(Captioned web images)
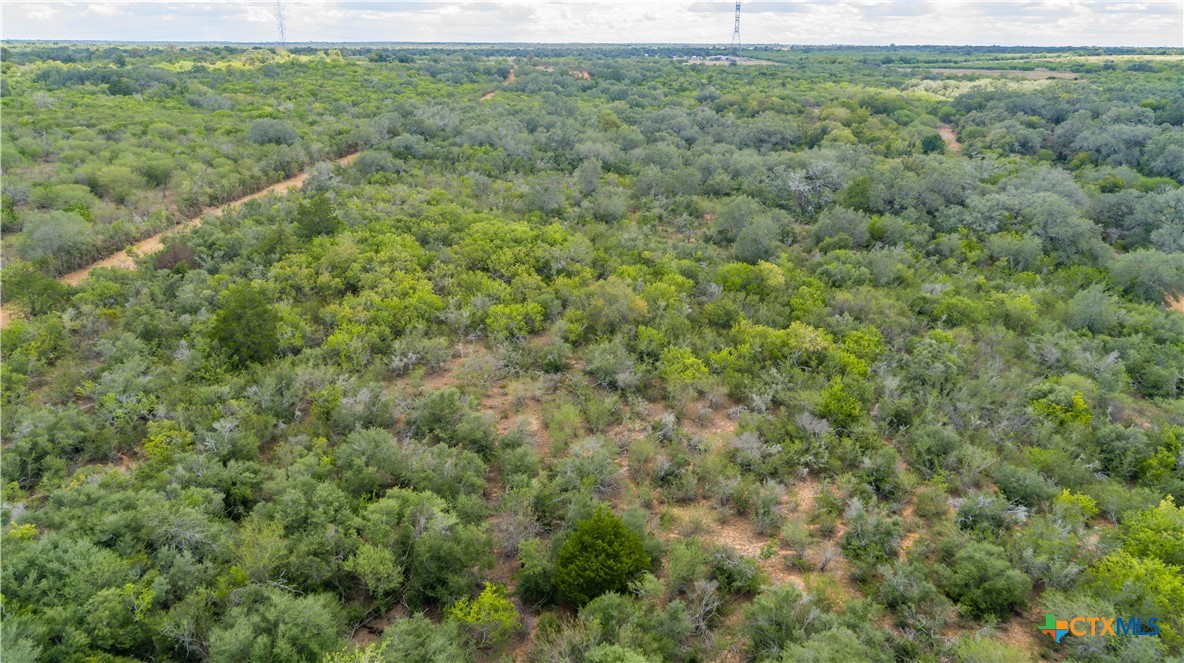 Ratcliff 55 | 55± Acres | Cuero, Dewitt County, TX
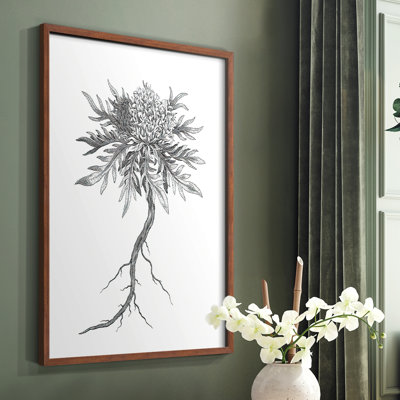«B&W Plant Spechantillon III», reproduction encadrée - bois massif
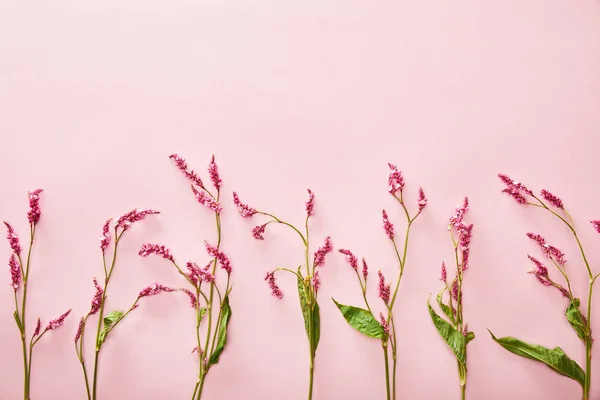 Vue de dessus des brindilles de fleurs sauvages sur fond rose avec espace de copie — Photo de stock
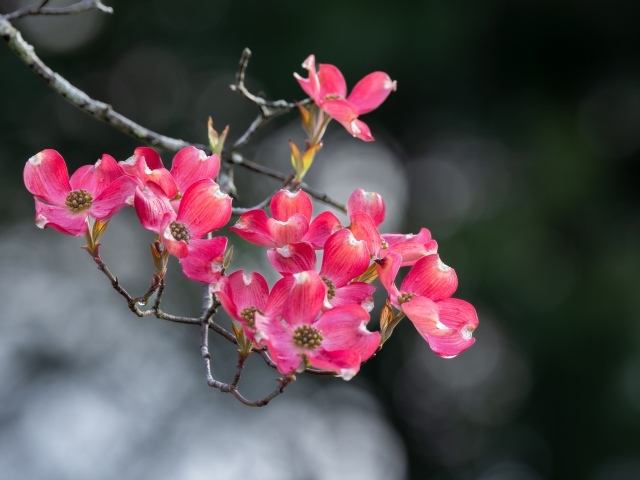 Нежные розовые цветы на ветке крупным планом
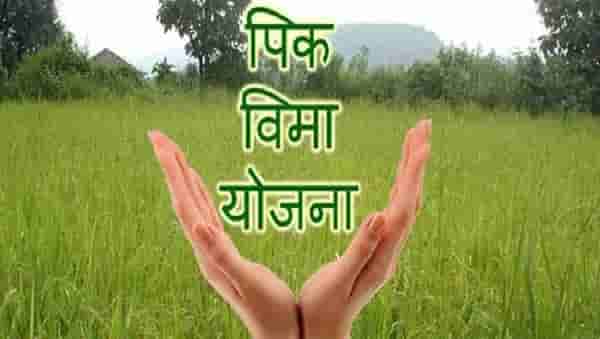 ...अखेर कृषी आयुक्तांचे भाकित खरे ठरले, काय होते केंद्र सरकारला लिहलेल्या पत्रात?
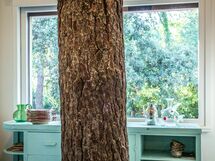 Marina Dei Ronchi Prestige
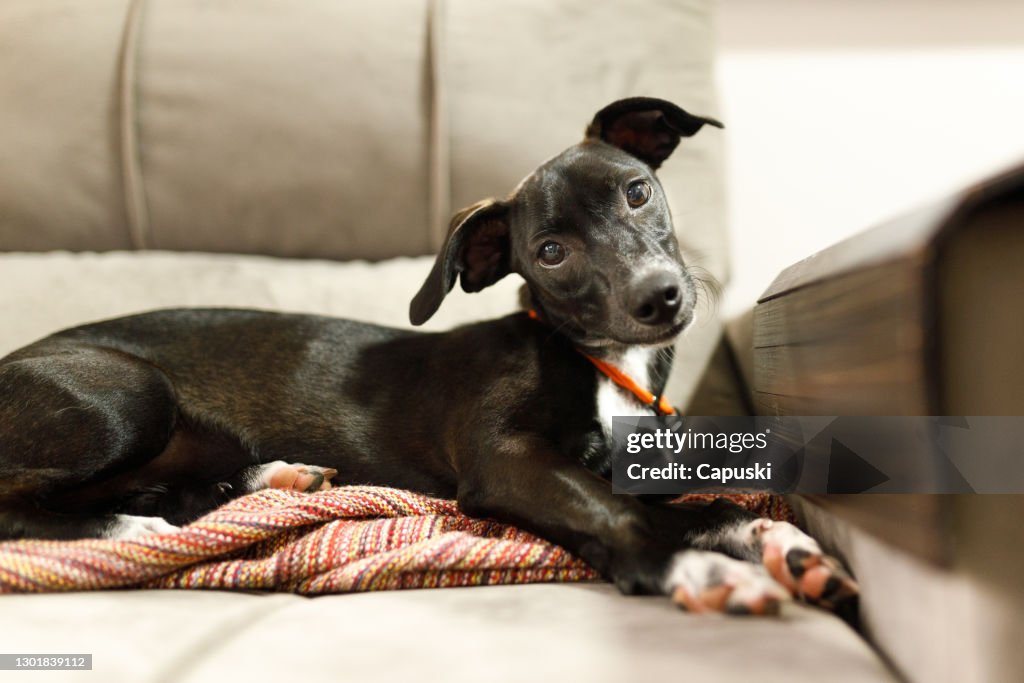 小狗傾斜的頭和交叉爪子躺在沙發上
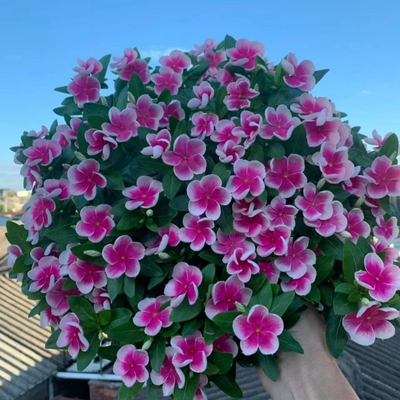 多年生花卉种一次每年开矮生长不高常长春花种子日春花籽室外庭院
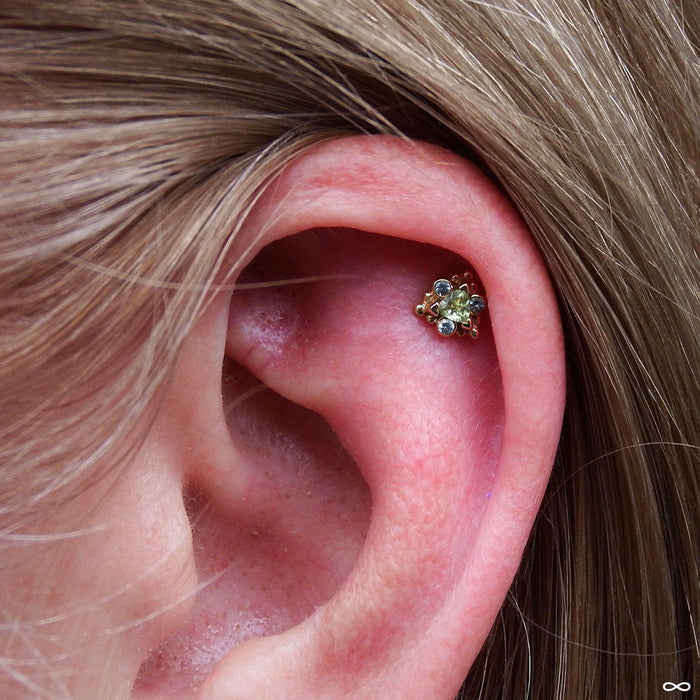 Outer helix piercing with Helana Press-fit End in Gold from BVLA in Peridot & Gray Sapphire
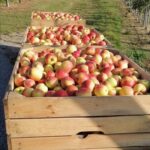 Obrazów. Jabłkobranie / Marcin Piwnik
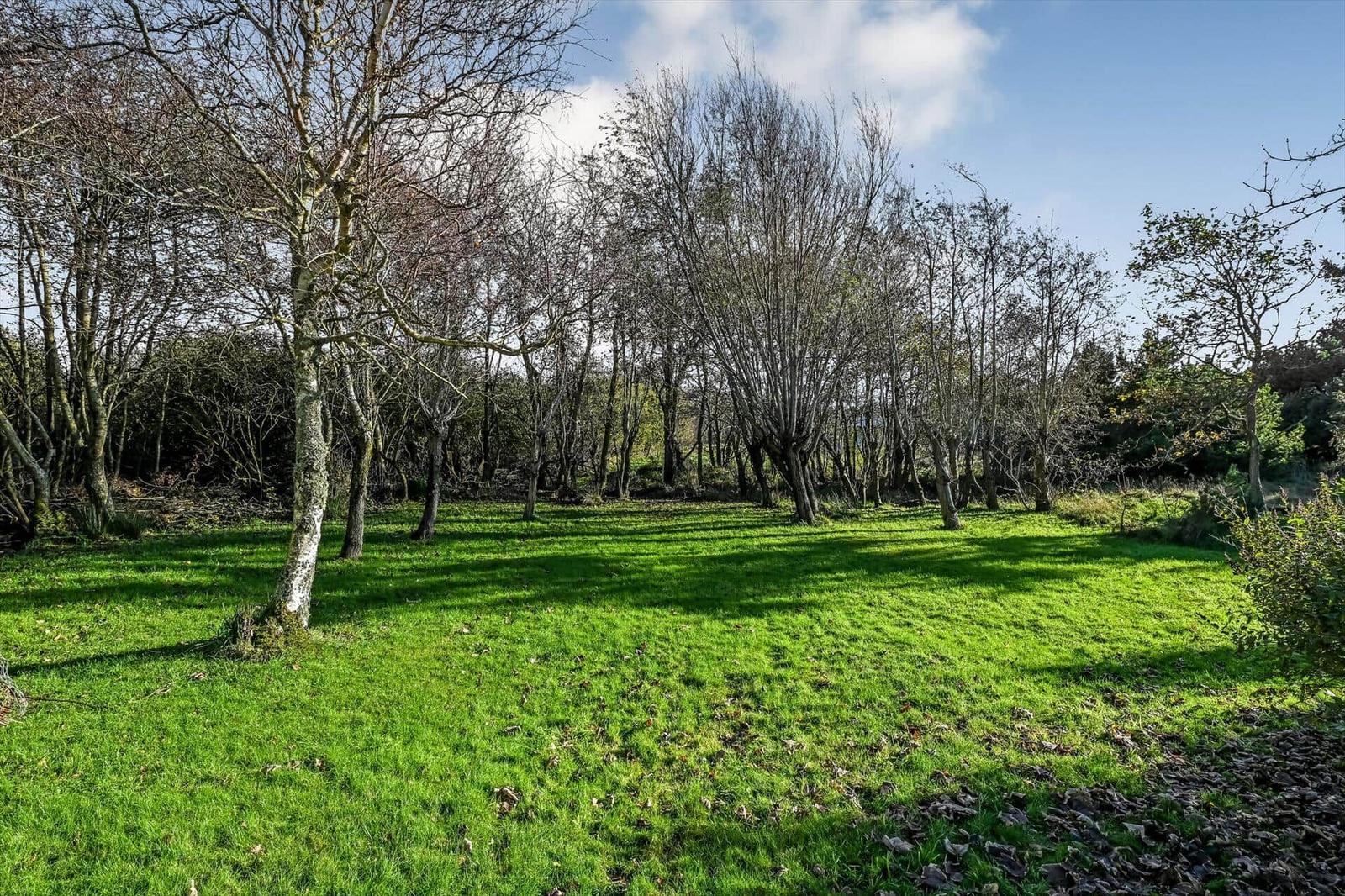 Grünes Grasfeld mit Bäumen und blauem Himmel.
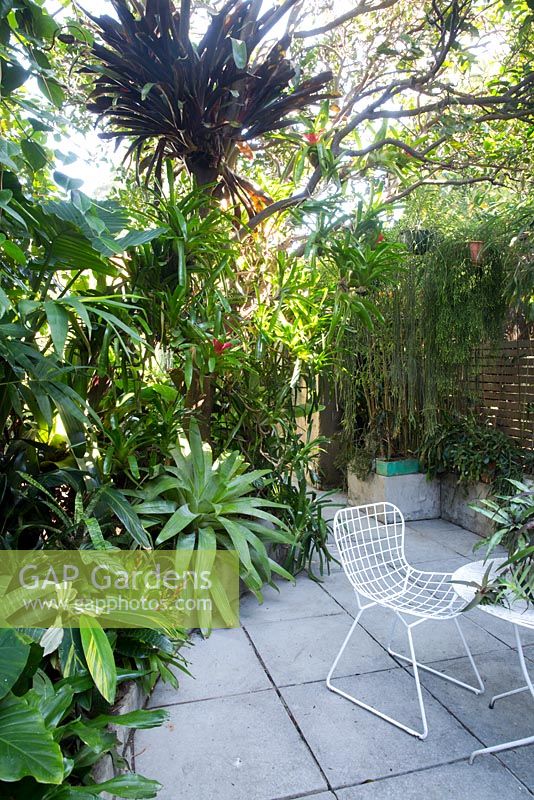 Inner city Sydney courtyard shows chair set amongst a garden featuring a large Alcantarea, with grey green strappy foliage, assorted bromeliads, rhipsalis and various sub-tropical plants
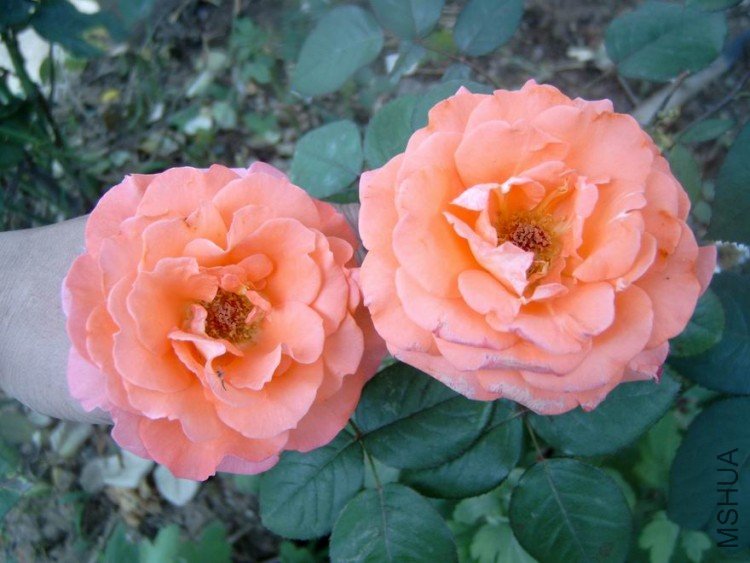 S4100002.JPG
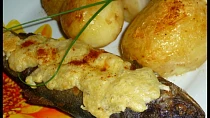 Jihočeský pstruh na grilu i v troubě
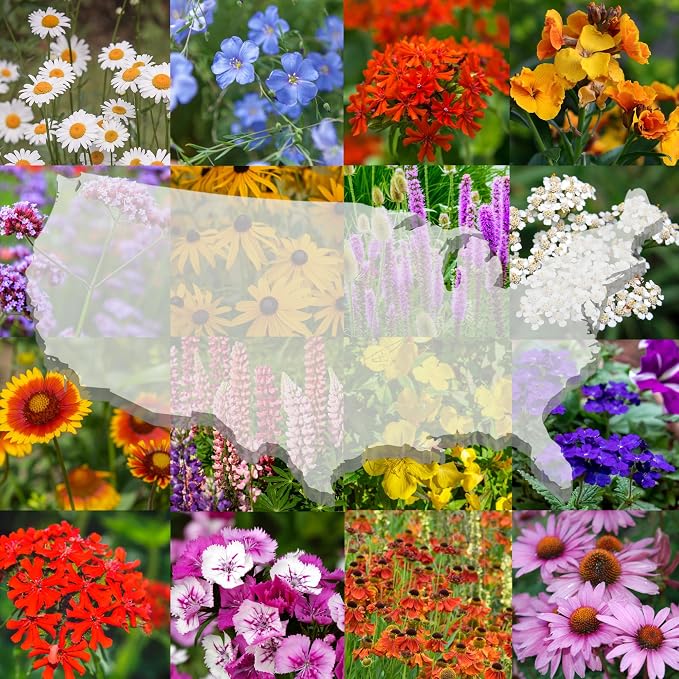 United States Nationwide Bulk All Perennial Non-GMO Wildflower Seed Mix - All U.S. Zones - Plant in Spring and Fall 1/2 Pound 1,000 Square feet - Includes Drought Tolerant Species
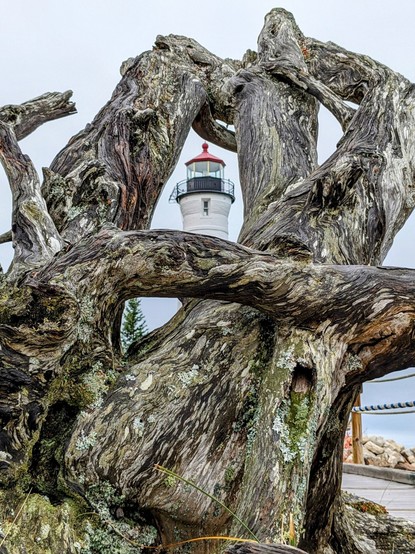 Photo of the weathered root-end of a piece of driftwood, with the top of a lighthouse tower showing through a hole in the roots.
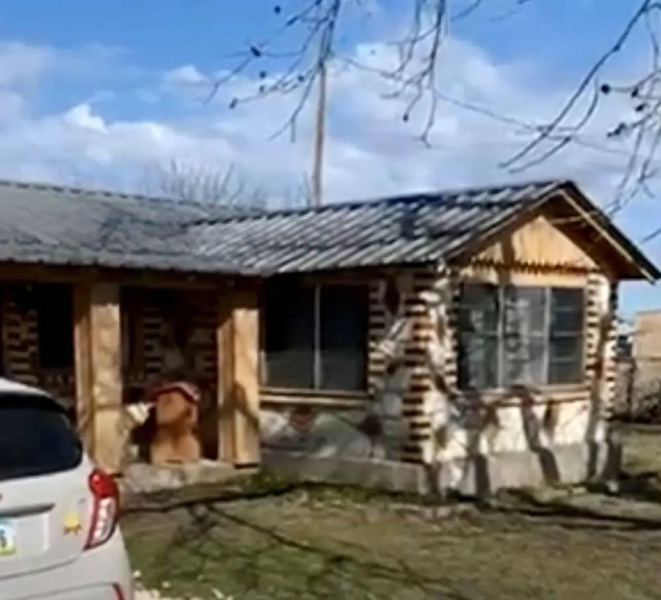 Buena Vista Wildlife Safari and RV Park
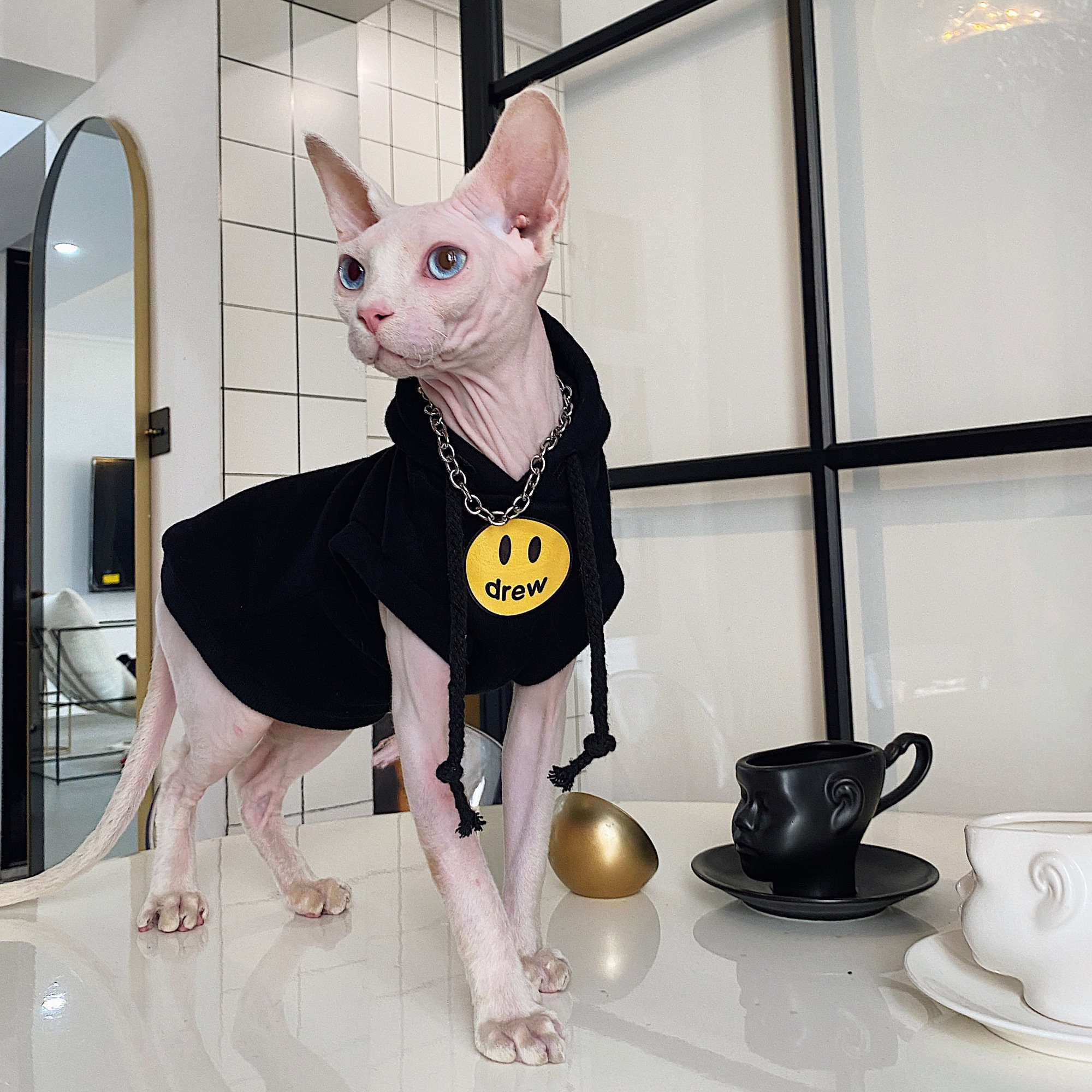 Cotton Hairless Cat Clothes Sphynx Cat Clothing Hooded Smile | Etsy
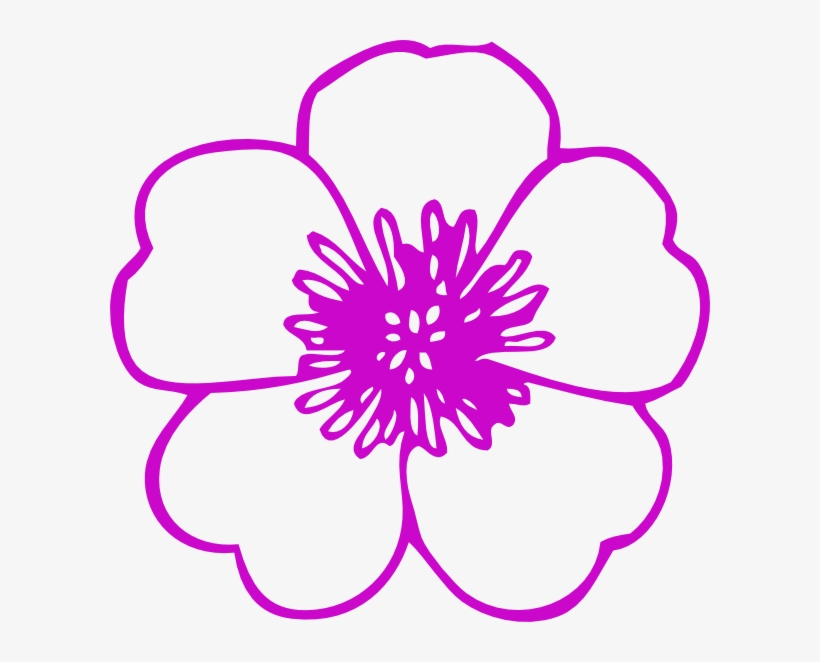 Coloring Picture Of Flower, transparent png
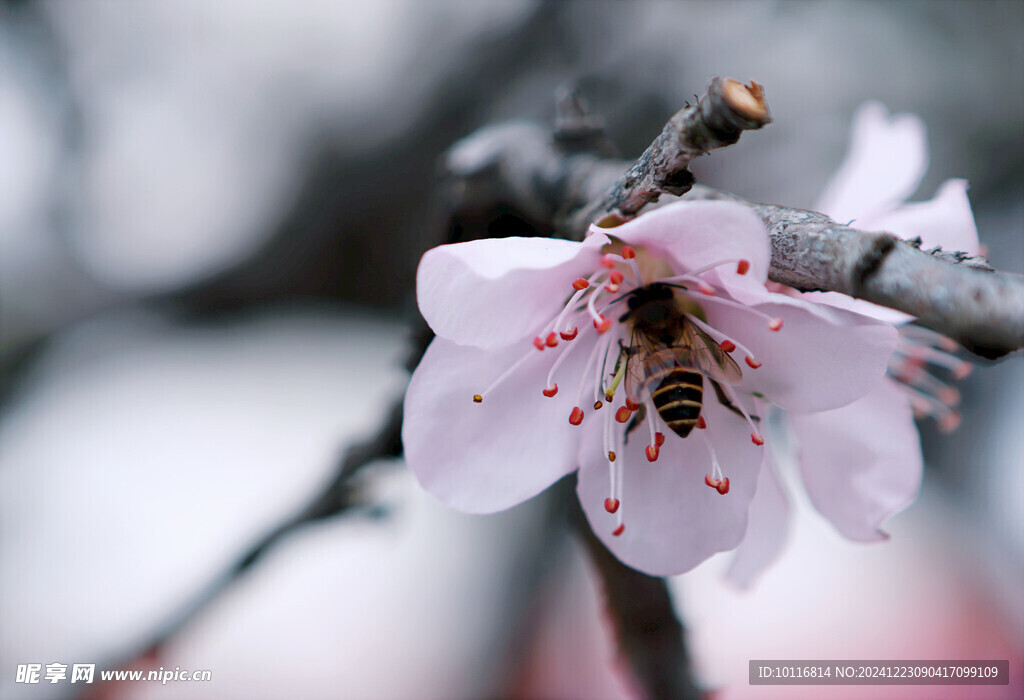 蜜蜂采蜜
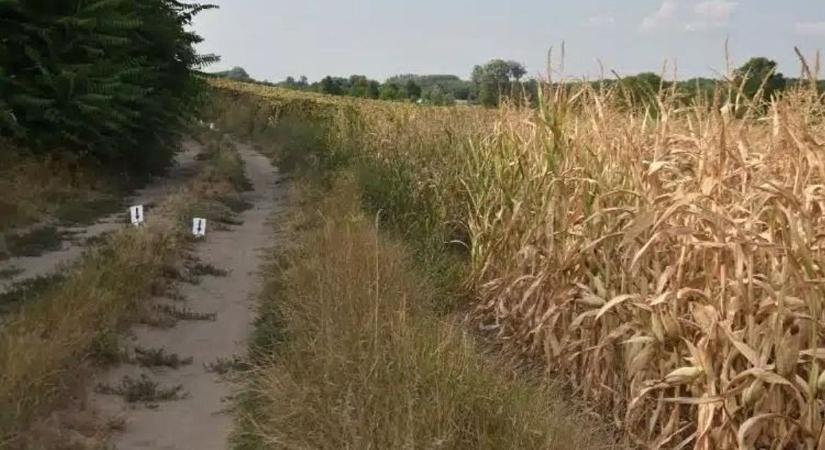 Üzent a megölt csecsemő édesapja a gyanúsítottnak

→ **DIRECTIONS**: The answer should contain only the lines from the start of the records above through the line with "Grünes Grasfeld mit", copied exactly, and no pictures.

→ **FINISHED EXERCISE**:
 Ratcliff 55 | 55± Acres | Cuero, Dewitt County, TX
«B&W Plant Spechantillon III», reproduction encadrée - bois massif
 Vue de dessus des brindilles de fleurs sauvages sur fond rose avec espace de copie — Photo de stock
 Нежные розовые цветы на ветке крупным планом
 ...अखेर कृषी आयुक्तांचे भाकित खरे ठरले, काय होते केंद्र सरकारला लिहलेल्या पत्रात?
 Marina Dei Ronchi Prestige
 小狗傾斜的頭和交叉爪子躺在沙發上
 多年生花卉种一次每年开矮生长不高常长春花种子日春花籽室外庭院
 Outer helix piercing with Helana Press-fit End in Gold from BVLA in Peridot & Gray Sapphire
 Obrazów. Jabłkobranie / Marcin Piwnik
 Grünes Grasfeld mit Bäumen und blauem Himmel.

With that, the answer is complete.